Pruning should arrive in Bitcoin Core 0.11, allowing people to run a full node with only 1 GB of storage space.
Please answer this simple question: "how does one bootstrap a full node once everybody's pruning?".
To be honest, I see the technical challenges of pruning to be not terribly high and the 'purity' argument of being able to trace value back to it's full history to be more philosophical than practical. I'd love to be able to believe otherwise since this is a distinct mark against how I would like Bitcoin to work for other mainly unrelated reasons.
A checkpoint could be marked with high reliability and it could serve as a basis for bootstraping. No real rocket science here I don't believe.
I think that a more perpetually supportable solution would have involved a POW-backed re-bases. I'd have been inclined to apportion some percentage of coinbase and transaction fees to whoever comes up with the best re-base on, say, a quarterly basis.

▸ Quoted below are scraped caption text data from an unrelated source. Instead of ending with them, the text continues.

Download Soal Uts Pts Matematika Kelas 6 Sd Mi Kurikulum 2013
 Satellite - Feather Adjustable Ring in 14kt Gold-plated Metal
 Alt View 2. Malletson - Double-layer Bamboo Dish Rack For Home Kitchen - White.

But, as always, these major design items are water under the bridge. There is no practical way for Bitcoin to adopt them. We've got what we've got to a large degree and we just have to work within the confines of the system as it is.
One thing that everyone should remember is that the voice in the back of one's head warning against believing 'magic' should be listened to. All 'bitcoins' need to be accounted for individually. In the theoretical best-case scenario, right after an 'ideal' re-base, this would mean having an entry for every item in the UTXO. Bitcoin, being in it's infancy, has a highly compact UTXO with relatively little 'fragmentation'. With use this is likely to expand by many orders of magnitude and 'pruning' can do nothing about that.
That's my read of the technicals. If someone thinks this is wrong and want's to make a correction, please do.